» What needs to be done: Set down the data below in full and exactly, minus the pictures.

++++ Recorded information

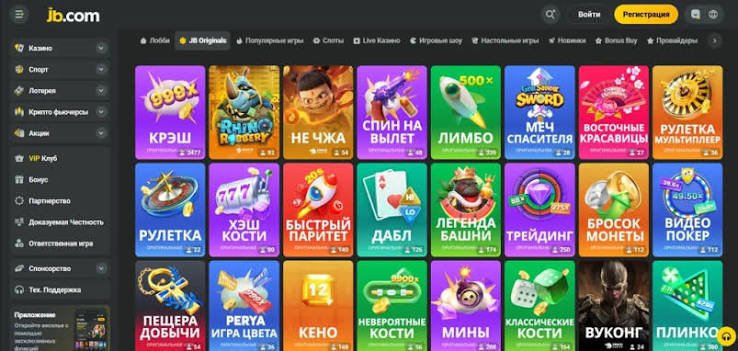 JB Casino Your Ultimate Destination for Online Gaming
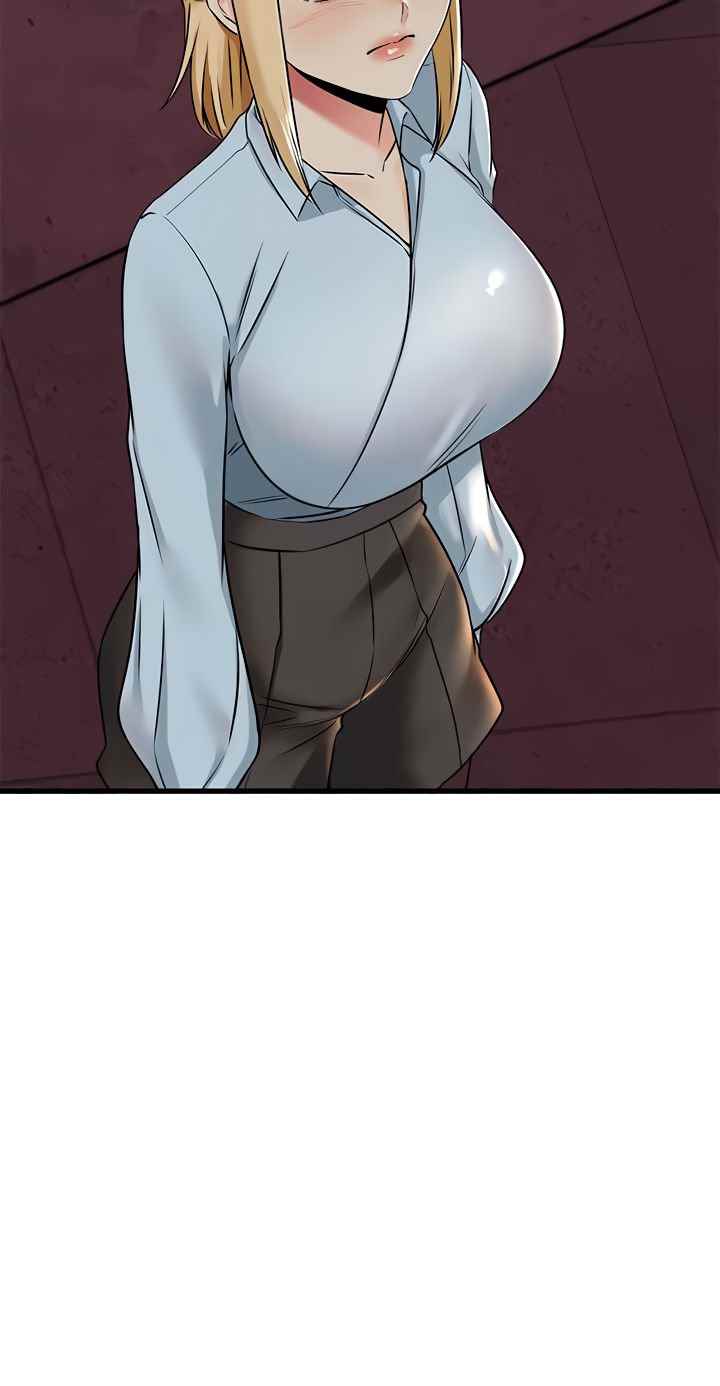 My Female Friend Who Crossed The Line - Chapter 61 27 My Female Friend Who Crossed The Line - Chapter 61 27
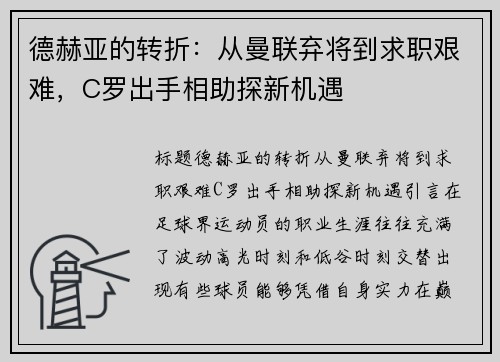 德赫亚的转折：从曼联弃将到求职艰难，C罗出手相助探新机遇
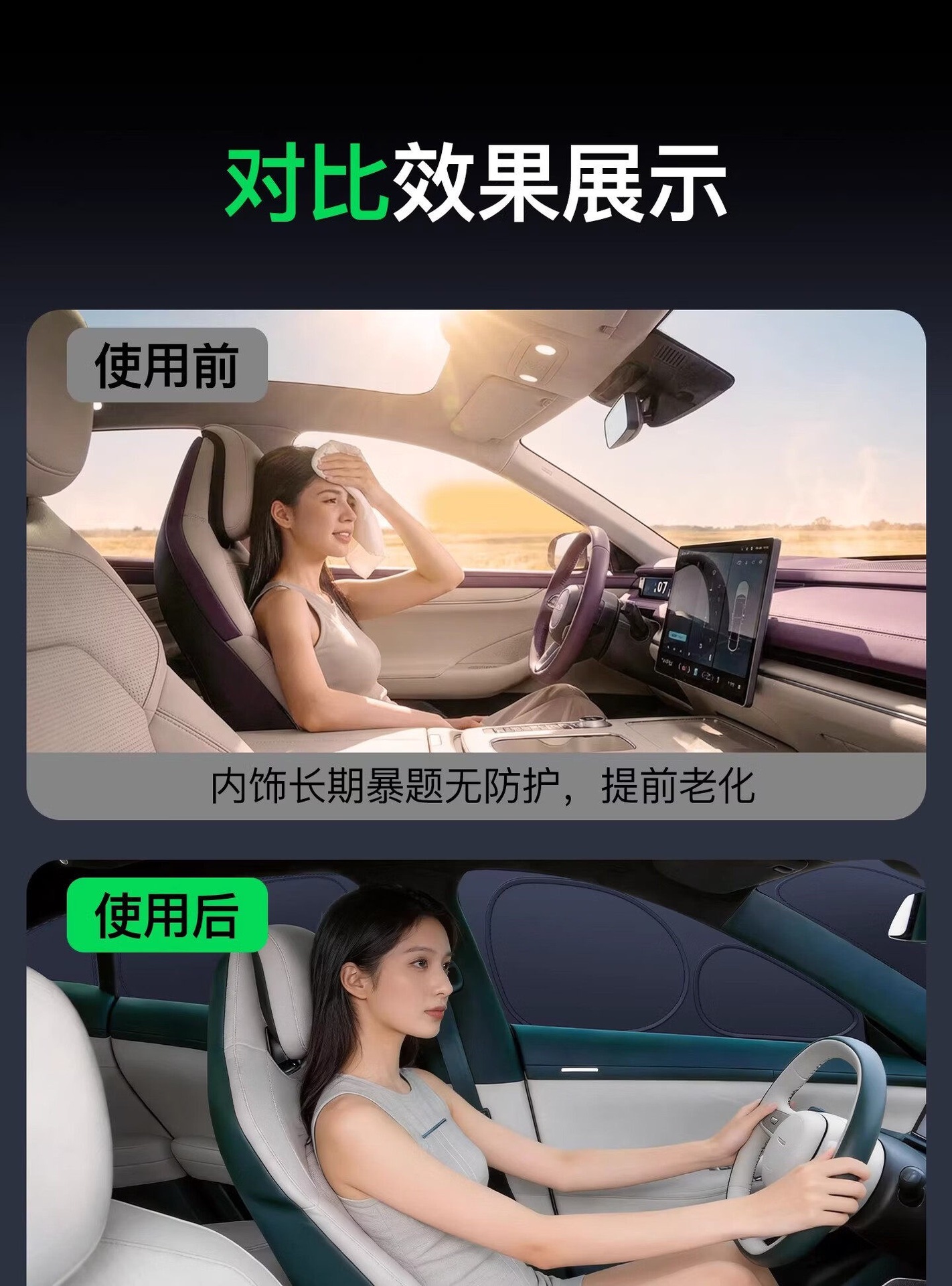 Geely Galaxy E5/E8/L6/L7 Starship 7 car sunshade side window full blackout heat insulation sun protection privacy curtain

++++++++

» Result for this exercise:
 JB Casino Your Ultimate Destination for Online Gaming
 My Female Friend Who Crossed The Line - Chapter 61 27 My Female Friend Who Crossed The Line - Chapter 61 27
 德赫亚的转折：从曼联弃将到求职艰难，C罗出手相助探新机遇
 Geely Galaxy E5/E8/L6/L7 Starship 7 car sunshade side window full blackout heat insulation sun protection privacy curtain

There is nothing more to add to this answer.